Convicted in Iraq's central criminal court July 22 were Jasim Husayn Nabeer and Muhammed Sabeh Latif. Mustafa Hussayn was convicted July 25. The three were self-proclaimed members of Jaysh al-Islami, or the Army of Islam, and confessed to acting as a sniper cell for the group. Nabeer confessed to eight sniper shootings recorded on a recovered terrorist propaganda video.
Nabeer and Latif were convicted of the shootings, and Hussayn was convicted of driving the sniper car. A panel of three investigative judges presided over the case, Martins said.
The three were arrested by 6th Iraqi Army Division troops in October after a two-month shooting spree primarily in the Baghdad neighborhoods of Ameriyah and Azamiah. They were captured while driving a van they had modified for sniper missions. Forces recovered two sniper rifles, a silencer, ammo, hand grenades and money.

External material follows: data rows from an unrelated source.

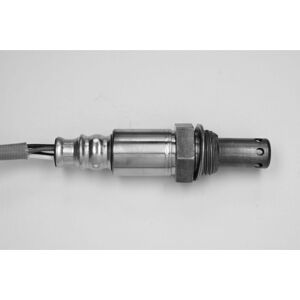 DENSO Dox-0410 Lämmittämä lambda-anturi - Sonde lambda DENSO Dox-0410 Lämmittämä lambda-anturi - Sonde lambda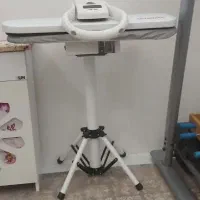 اتوپرس ژانومه|اتو و لوازم اتو|مشهد, خواجه ربیع|دیوار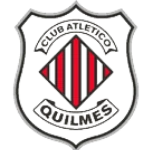 Escudo de Quilmes MdP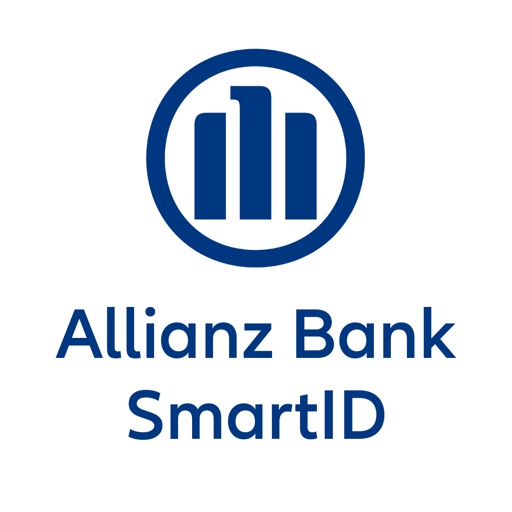 Allianz Bank Bulgaria SmartID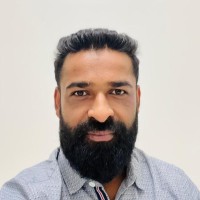 Vrushab Akkiwate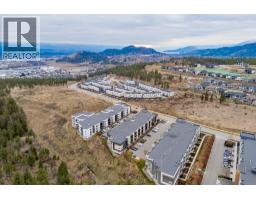 655 Academy Way Unit# 212, Kelowna, BC V1V3A4 Photo 33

The van had a hidden compartment to stash the weapons, as well as a porthole in the rear of the van that allowed the shooters to fire from a concealed position. A video camera and a mount were also recovered. The camera contained a recording of a recent sniper operation by the three, Martins said.
While the rule of law is not yet prevailing in Iraq, such trials are evidence that the government is making progress under the latest troop surge effort, Martins said.
"The trial that was concluded is an important component to the progress Iraq is making in restoring confidence in the rule of law. It's a small step. Small measured steps are being taken, holding individuals accountable in courts under the law, following the evidence where it leads," he said.
"As the surge of operations targets extremists and expands into former terrorist safe havens, Iraqi law enforcement and the central criminal court of Iraq are investigating and prosecuting accused terrorists and criminals," he added. "There are some dramatic developments happening in Iraq in the rule of law."